▸ **INSTRUCTIONS TO FOLLOW**:
An exact copy of the data is needed, but without any of its images.

▸ **SOURCE MATERIAL**:
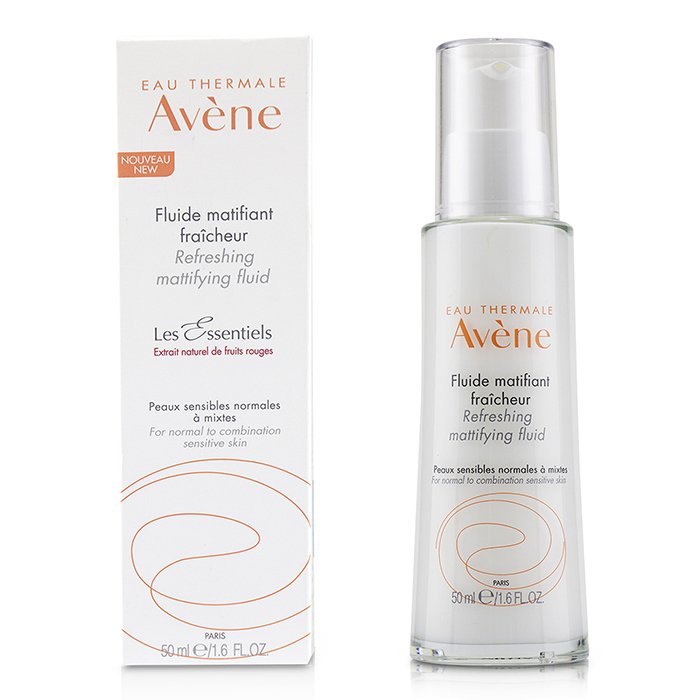 Avene Refreshing Mattifying Fluid For Normal To Combination Sensitive Skin 50ml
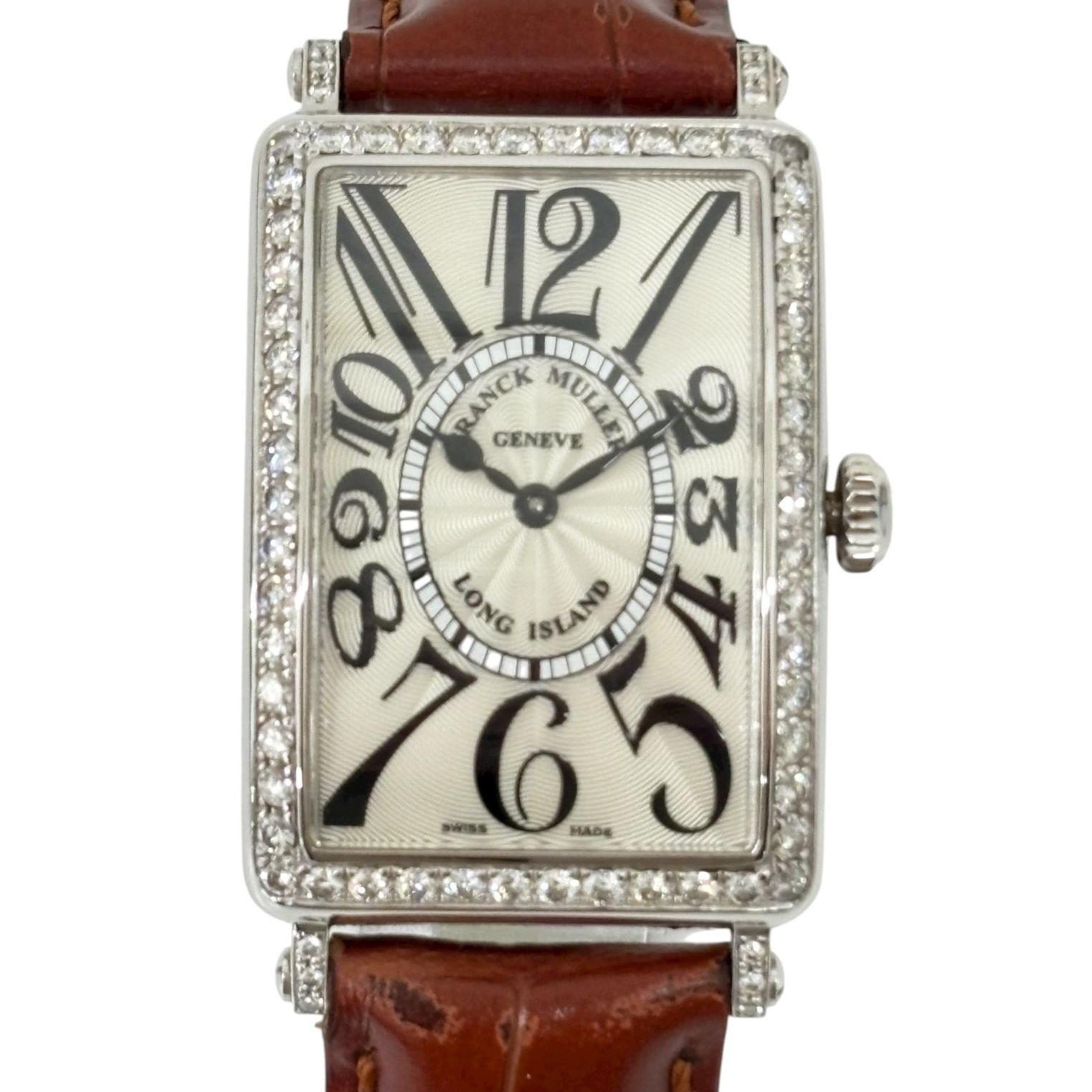 フランクミュラー FRANCK MULLER】稼働品 ロングアイランド ダイヤ 
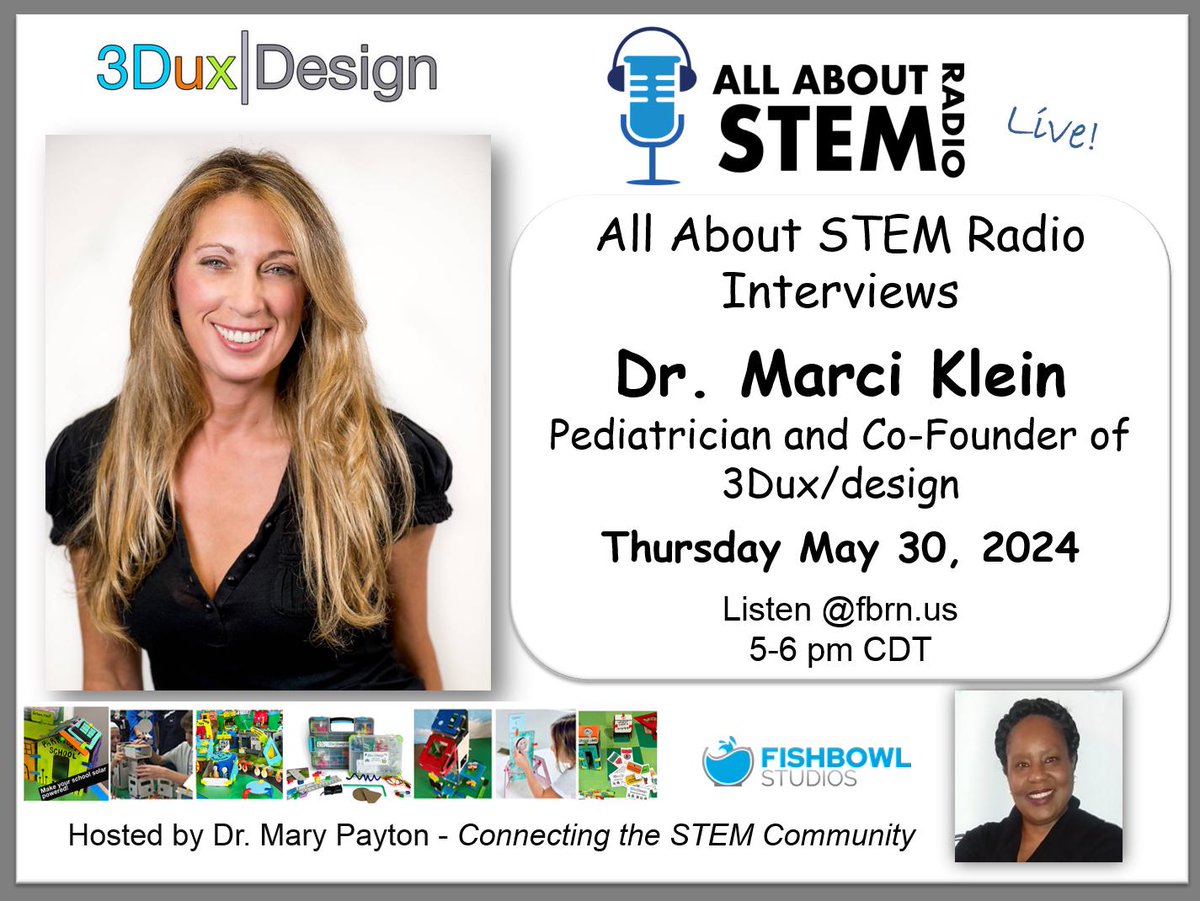 How a pediatrician became a STEM entrepreneur (and the challenges along the way!). Check it out tonight at 7pm EST fbrn.us #stemeducation #startup #edtech #EntrepreneurLife #PBL #makereducation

▸ **SOLUTION TO THE PROBLEM**:
 Avene Refreshing Mattifying Fluid For Normal To Combination Sensitive Skin 50ml
 フランクミュラー FRANCK MULLER】稼働品 ロングアイランド ダイヤ 
 How a pediatrician became a STEM entrepreneur (and the challenges along the way!). Check it out tonight at 7pm EST fbrn.us #stemeducation #startup #edtech #EntrepreneurLife #PBL #makereducation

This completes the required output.